* [PROBLEM DESCRIPTION]: Please output the section of the listing below that opens with the line containing "JTEX® - Professioneel" and closes with the line containing "DETROIT DT12-DA (2ND", exactly and with nothing else.

* [SOURCE MATERIAL]:
[Start of section]
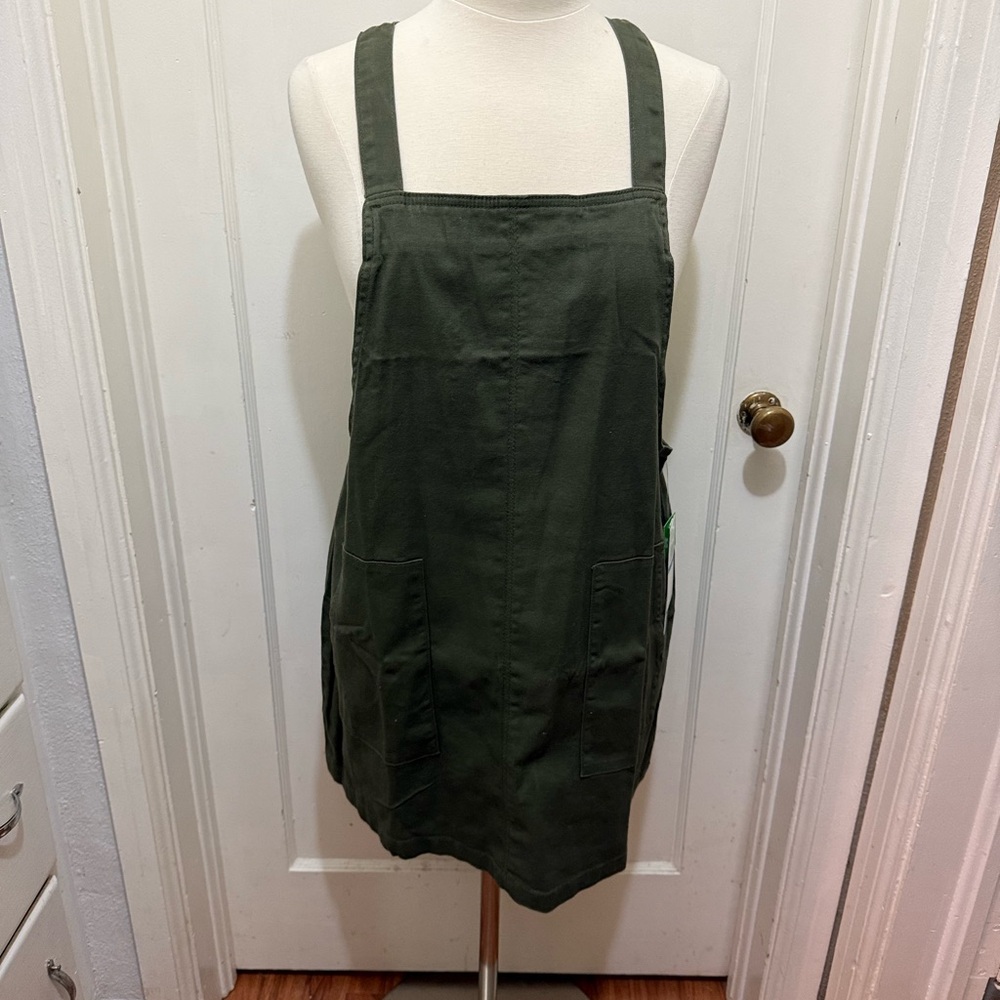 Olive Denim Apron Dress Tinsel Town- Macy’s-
[End of section]
[Start of section]
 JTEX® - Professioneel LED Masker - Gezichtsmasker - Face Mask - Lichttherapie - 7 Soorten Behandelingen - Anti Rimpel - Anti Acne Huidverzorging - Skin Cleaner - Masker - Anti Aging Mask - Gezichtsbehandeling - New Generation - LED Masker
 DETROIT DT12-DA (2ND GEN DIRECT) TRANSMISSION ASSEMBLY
[End of section]
[Start of section]
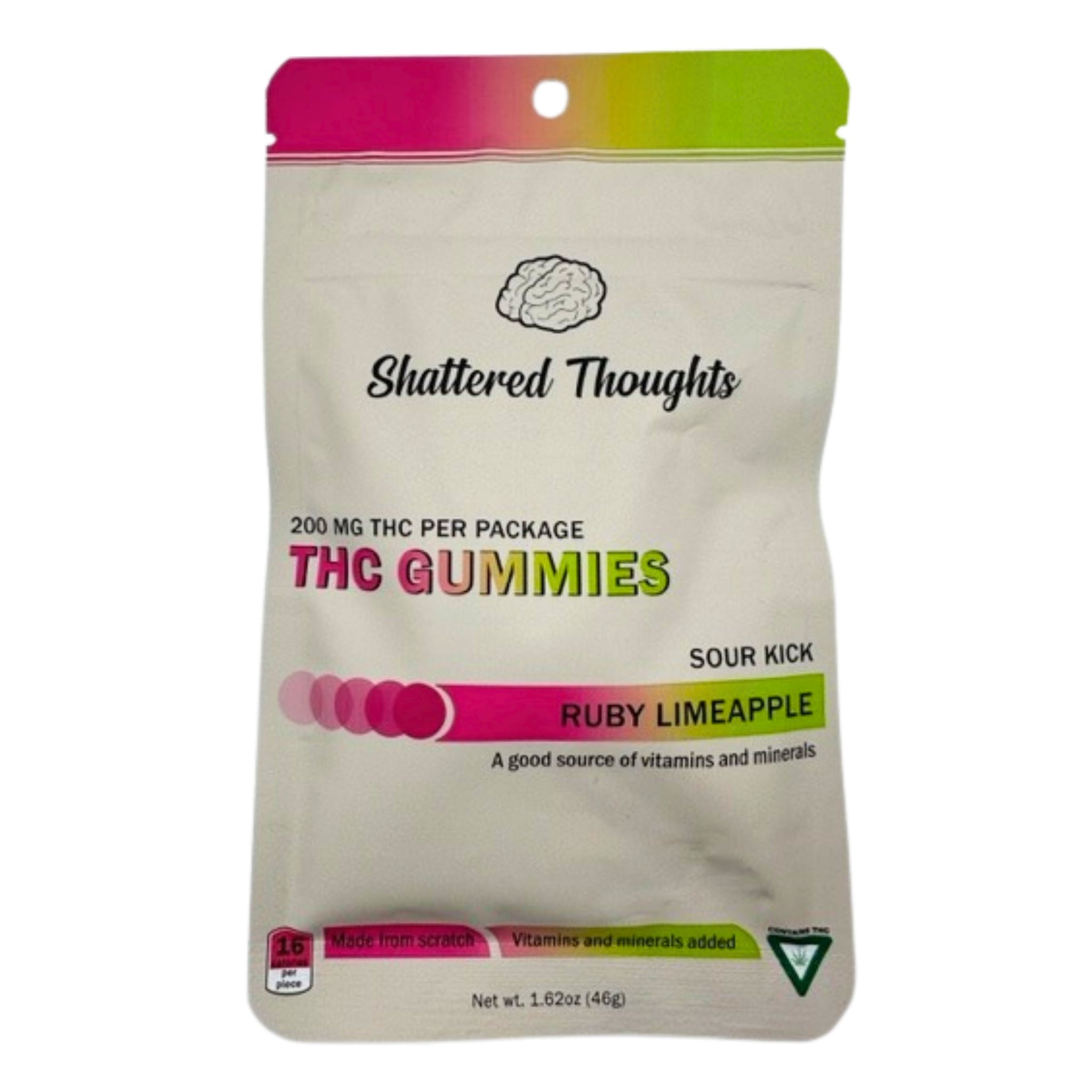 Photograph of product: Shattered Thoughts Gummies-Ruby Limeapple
[End of section]
* [WRITTEN ANSWER]:
 JTEX® - Professioneel LED Masker - Gezichtsmasker - Face Mask - Lichttherapie - 7 Soorten Behandelingen - Anti Rimpel - Anti Acne Huidverzorging - Skin Cleaner - Masker - Anti Aging Mask - Gezichtsbehandeling - New Generation - LED Masker
 DETROIT DT12-DA (2ND GEN DIRECT) TRANSMISSION ASSEMBLY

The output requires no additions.